Possibly true. However there must have originally been some transfer from pigs to humans. Eating pigs and keeping them as livestock almost certainly contributed to the disease occurring. It is too late to stop this one but what about the next one. Anyone care to dispute the notion that the risk of these diseases 'crossing over' would be much reduced if humanity was vegetarian?
> Anyone care to dispute the notion that the risk of getting run over by a bus would be much reduced if you never left the house?
Anyone care to dispute the notion that vegetarians live healthier lives than meat eaters? Anyone care to provide an argument that eating meat is good for humanity either collectively or individually?
> Not to mention that livestock-spread diseases are just a drop in the bucket in the grand scheme of horrible ways to die via epidemic.
If all of humanity was vegan, the risk would probably be greatly reduced, since no one would have any livestock. Vegetarian diets still include eggs and dairy.
But it's just a completely unhelpful comment. Humanity as a whole is not going to go vegetarian, let alone vegan. Proposing it as a solution is just pushing an agenda.
Partially agreed about the vegan part. I wasn't trying to get too technical. However disease transmission mostly seems to occur via eating meat rather than milk or eggs.
I do think it is entirely practical and possible that that most of humanity could go vegan some time in the future. Reducing the risk of disease is just one of many reasons why it would improve the world. If it is an economically superior solution then eventually that is the way the world is likely to head.
How's this for a more incrementally useful statement? Reductions in livestock and meat consumption would be likely to reduce the incidences of these type of diseases - therefore it is something we should look to minimise. It isn't an all or nothing proposition.
I got the impression that in this cases, the disease isn't spread through eating pigs. Rather, it's the fact that pigs and humans are living in close proximity to each other that allowed a flu strain to evolve that targeted both species. Hence my comment about livestock.
sadly, drinking soda, eating potato chips and candy = vegetarian too ... anyway that's not what i'm doing; neither do i eat eggs, milk, even fish. i should say go vegan!
i'm too selfish to care about what the rest of the world eat ... if you regard my post as a solution, fine, that's my solution to avoid *.flu -- for my selfish self
well, enough of myself
can you come up with better solution? something creative is even better, much better than critical things you said about how unhelpful/unfeasible one's solution is.
The calorie density of vegetarian food being what it is, it's probable that if all of humanity went vegetarian, it would solve the over-population problem pretty quickly too because we'd run out of food.

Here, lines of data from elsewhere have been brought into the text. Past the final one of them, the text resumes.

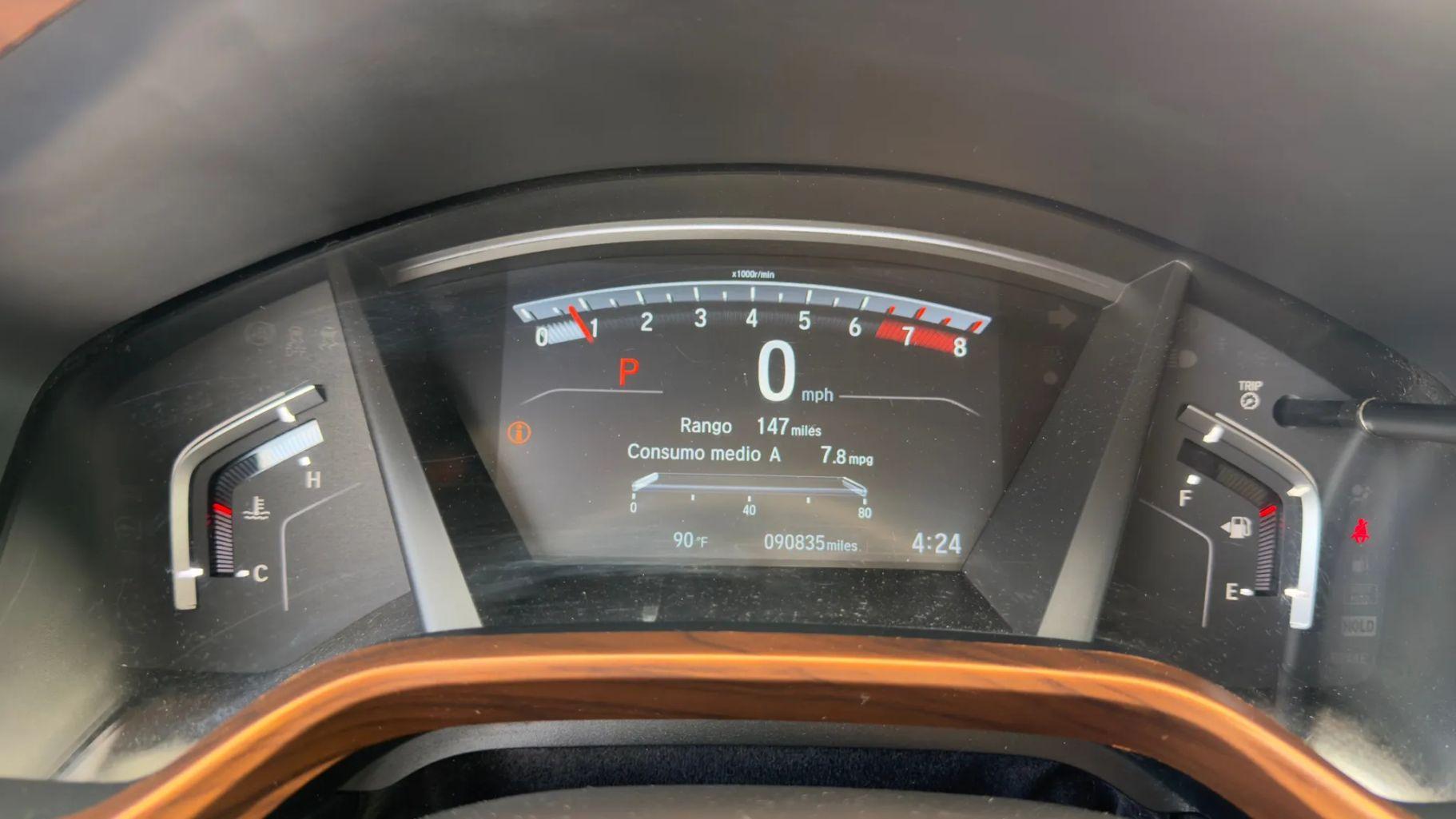 Honda Cr-V - Thumbnail 5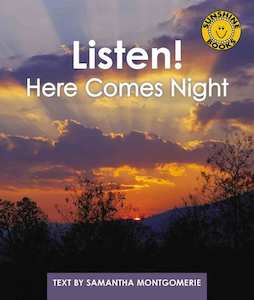 Books: Listen Here Comes Night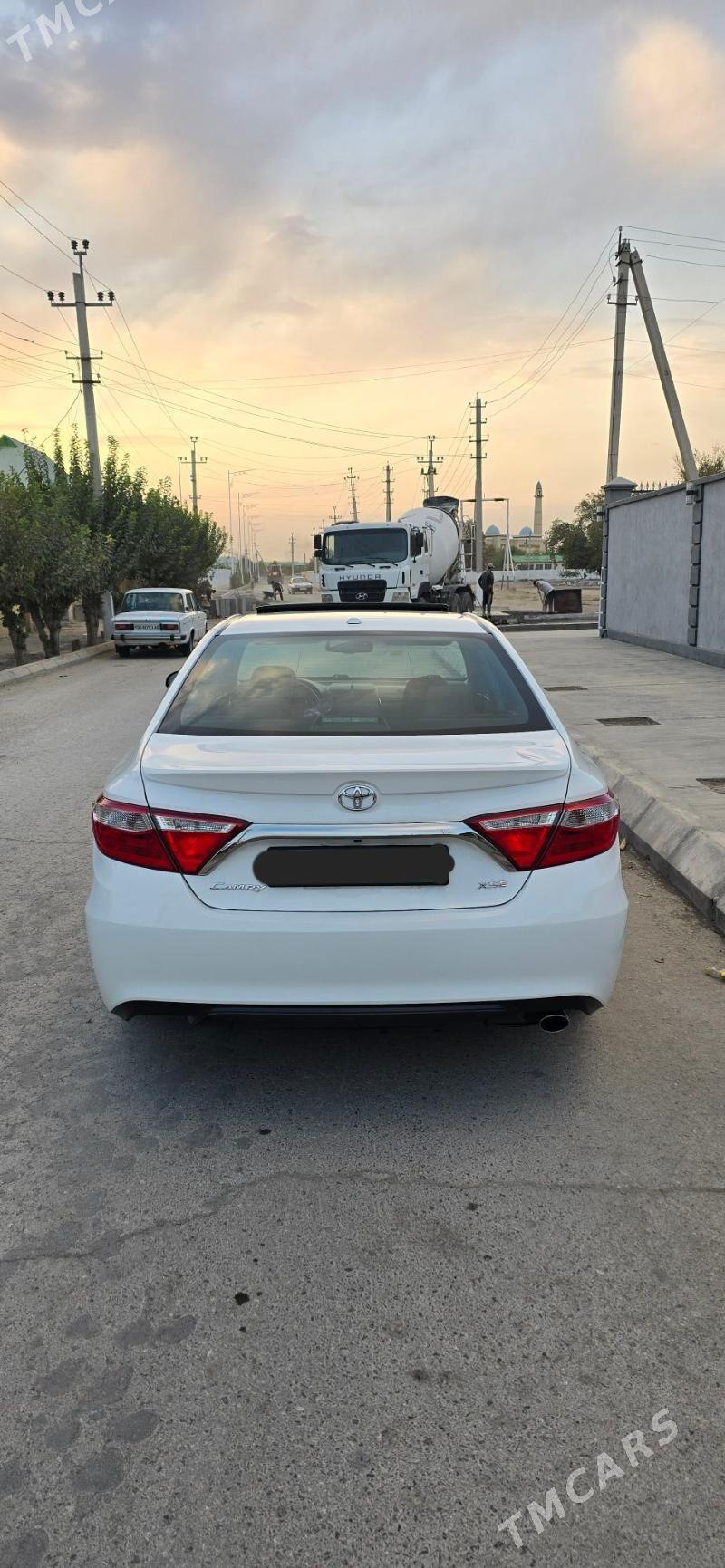 Toyota Camry 2017 - 299 000 TMT - Ашхабад - img 5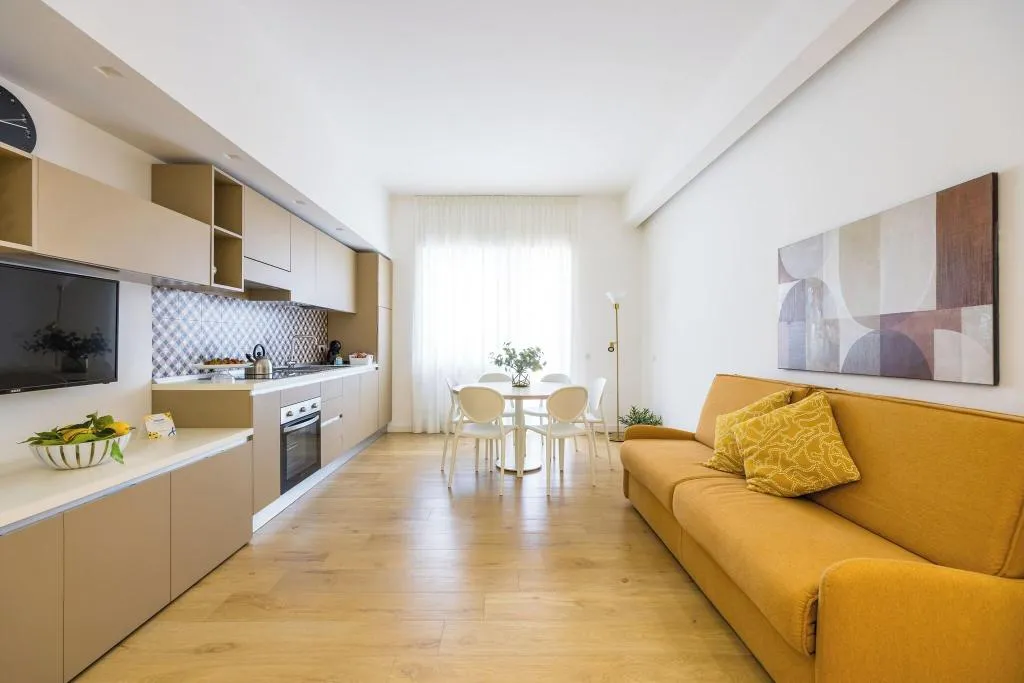 APARTMENT TWO QUEEN BEDS Room, Residence Panoramic, Naples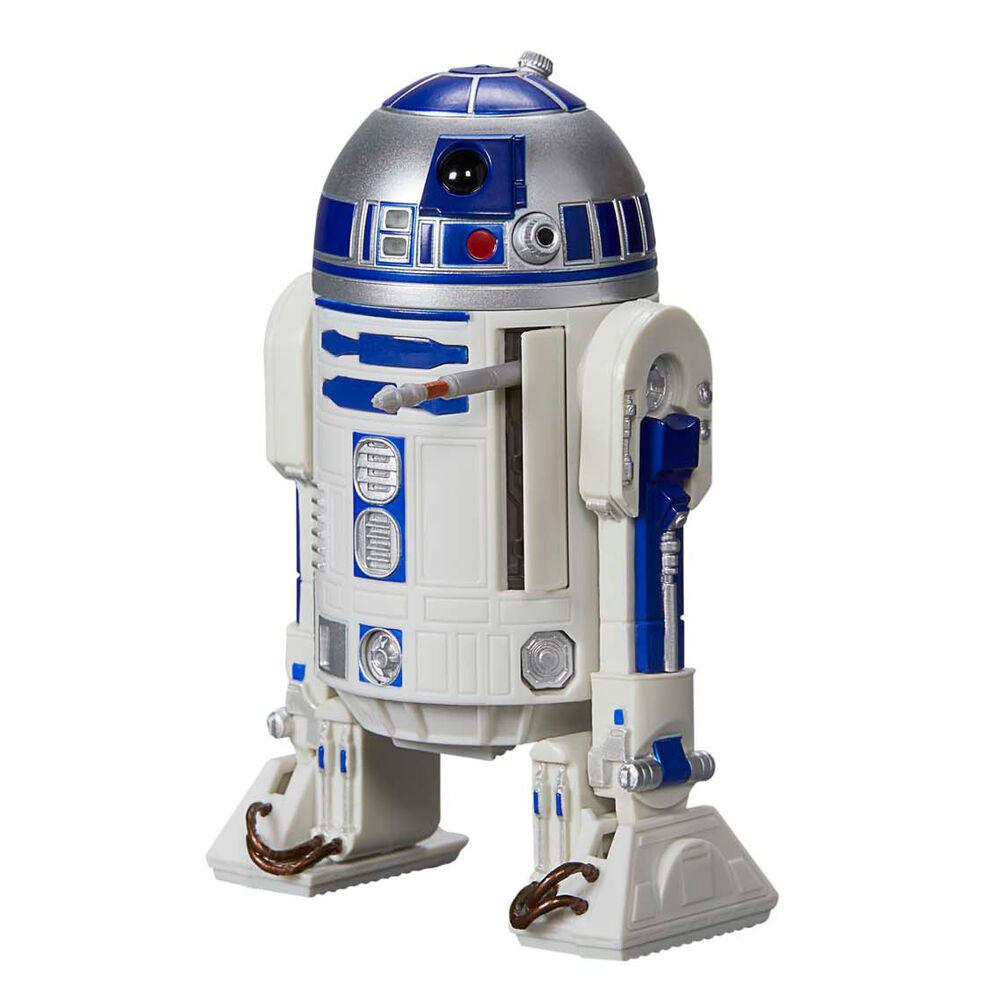 Star Wars: The Black Series R2-D2 Action Figure (The Mandalorian) - Hasbro - Ginga Toys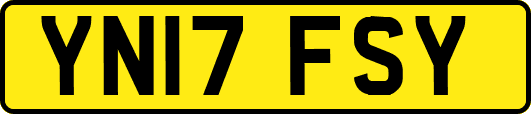 YN17FSY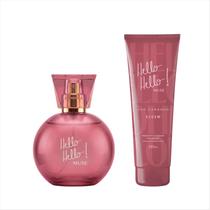 Kit Ciclo Hello Hello Muse Deo Colonia+Hidratante Kit Ciclo Hello Hello Muse Deo Colonia+Hidratante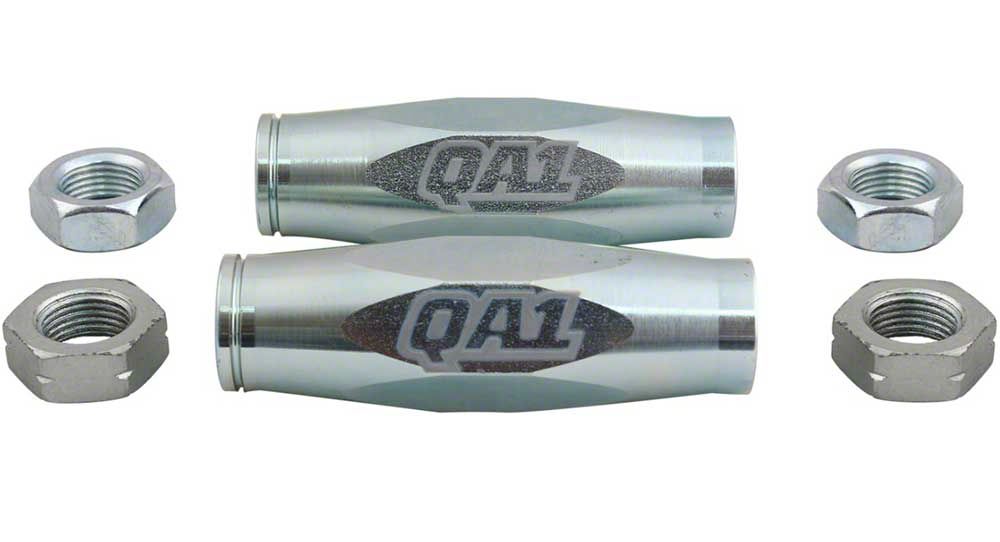 QA1 Adjustable Tie Rod Sleeves 70-81 GM F-Body 5252 QA1 Adjustable Tie Rod Sleeves 70-81 GM F-Body 5252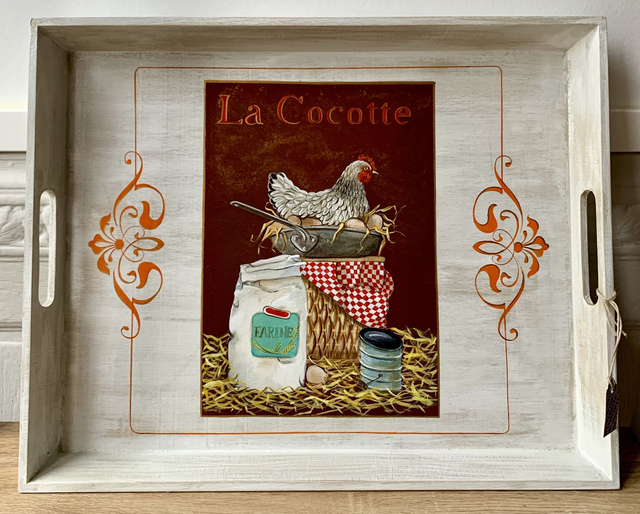 Plateau "La Cocotte"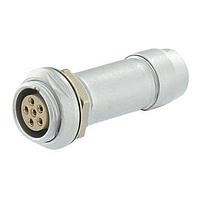 Eaton Souriau-Sunbank JBXSA2G16MCSDSR Connectors 16P Pin Receptacle Crimp Shell Size 2
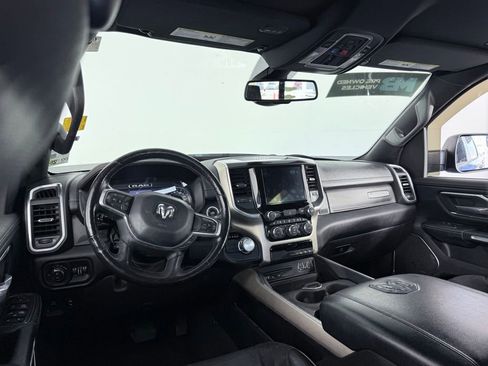 Used 2019 RAM 1500 Laramie w/ Sport Appearance Package image 19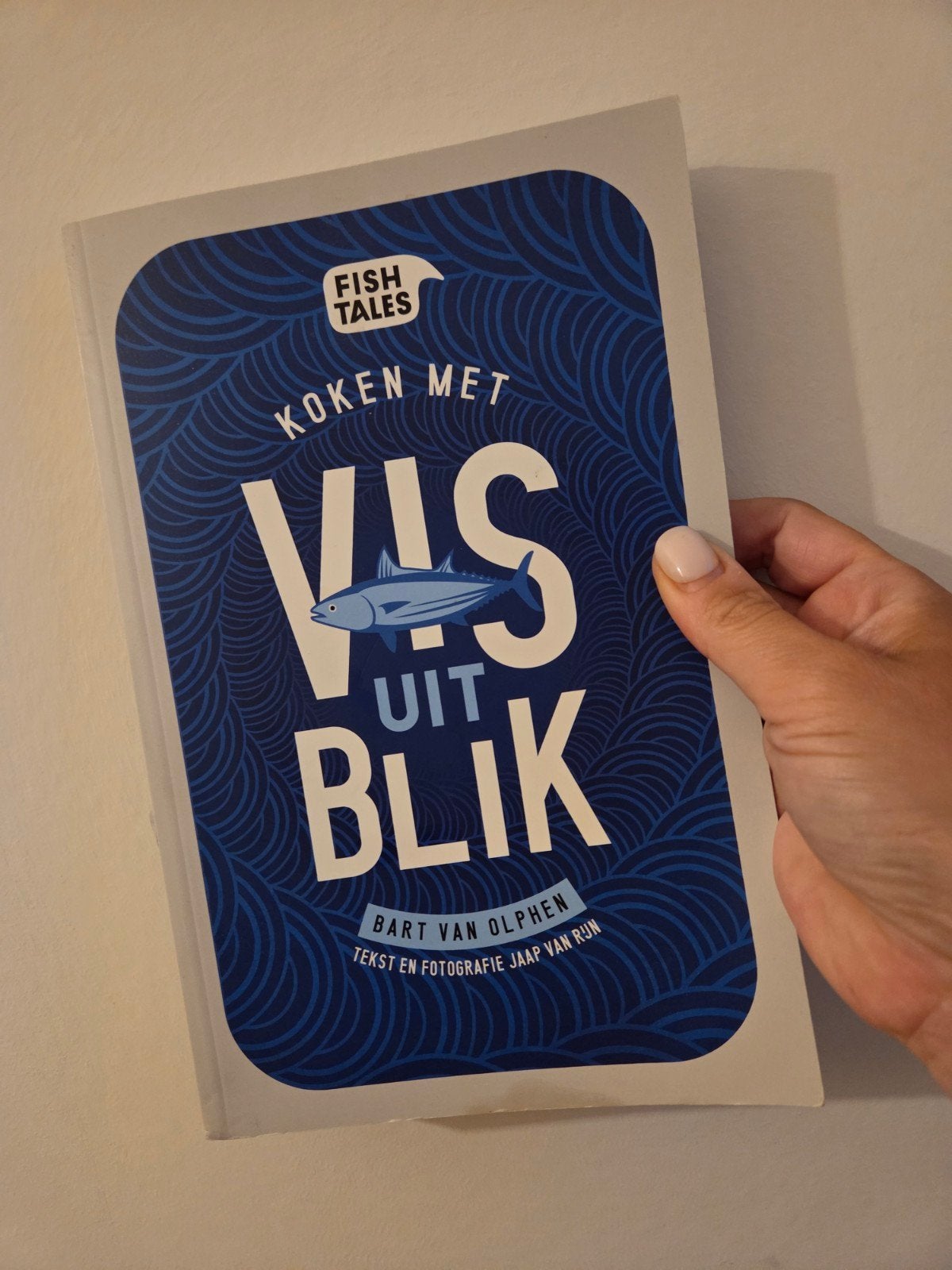 Koken met Vis uit Blik - Bart van Olphen / nieuw!, Verzenden, Nieuw, Bart van Olphen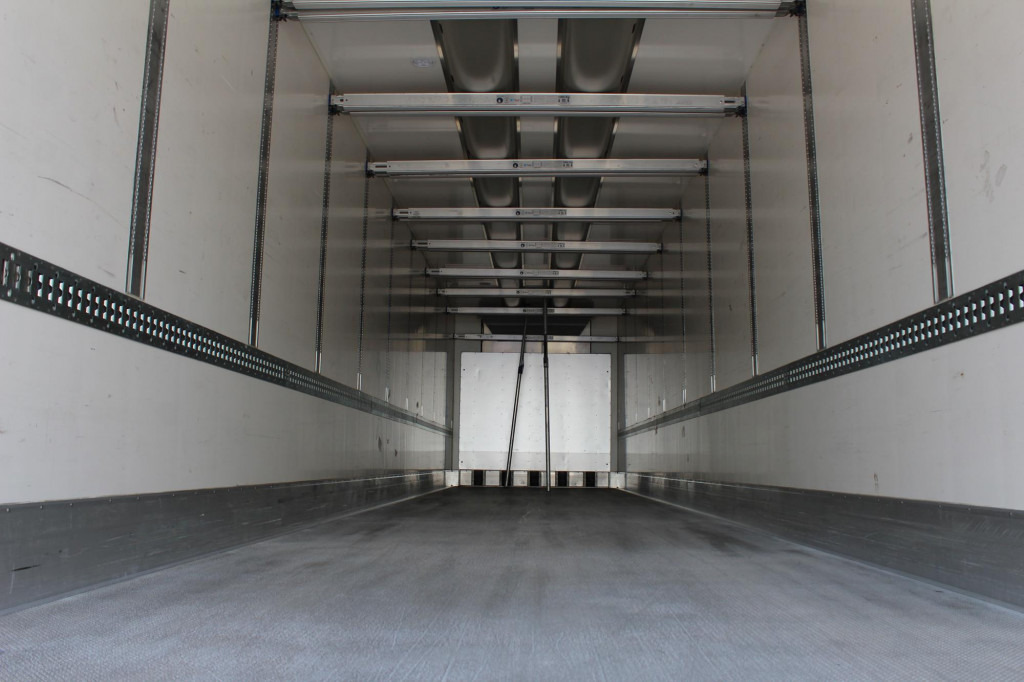Chereau Thermo King Advancer A400 DS Strom Blumen SAF - Semi-trailer berpendingin: gambar 2 Chereau Thermo King Advancer A400 DS Strom Blumen SAF - Semi-trailer berpendingin: gambar 2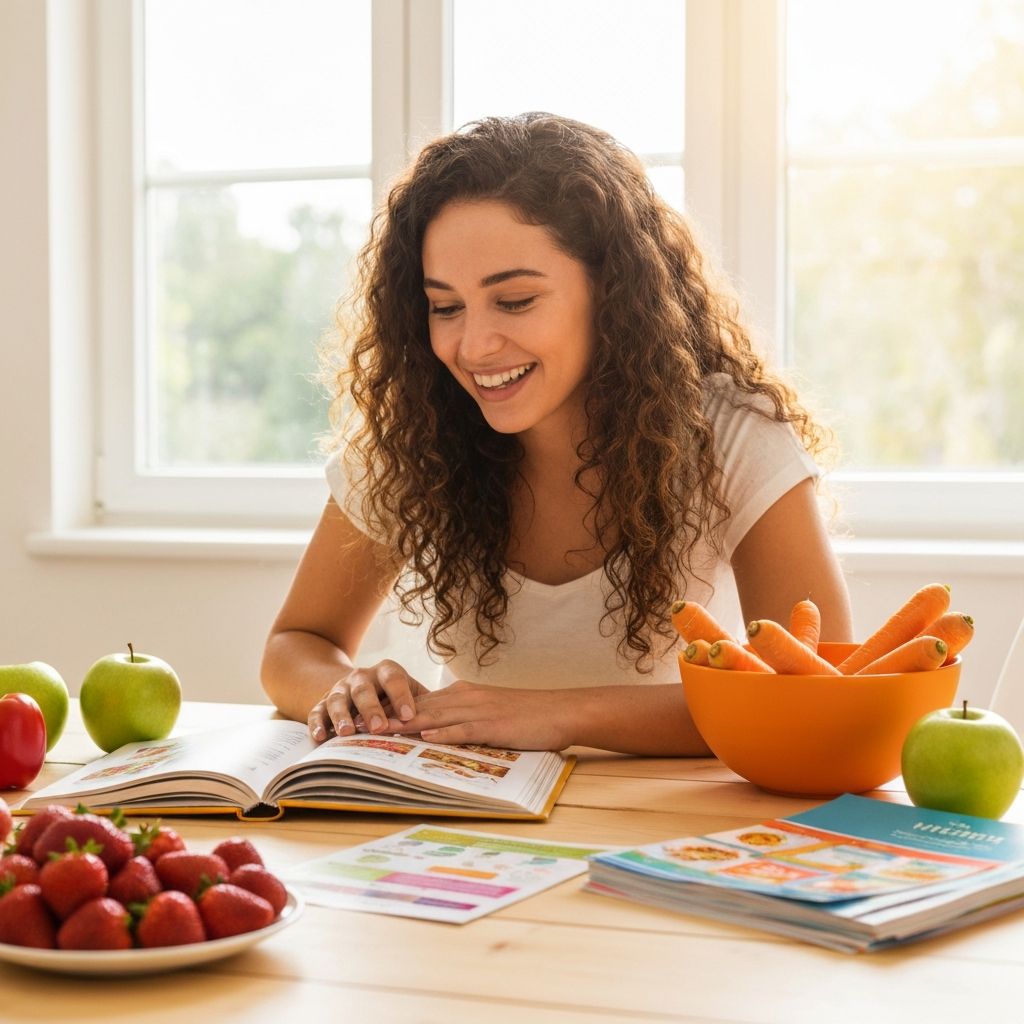 Food awareness learning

You have this completely wrong. It takes about 10 times the plant calories to produce meat calories. If the world stopped eating meat we would would be able to feed many more people.
The bigger issue with veganism (and to a lesser extent vegetarianism) is that it requires cleverness to avoid malnutrition. Like it or not, the human colon is too short for a generic vegan diet; we evolved to eat meat.
There are people who already have issues getting enough iron and protein. This problem would only be exacerbated by a pure vegetarian diet.
Furthermore, we do not have an issue producing food for people. We have an issue convincing people to produce food for people. That is, most of the people who starve do so because they cannot afford food, rather than because food is too expensive. This is not a problem of too little food production, because farmers can barely support themselves in places.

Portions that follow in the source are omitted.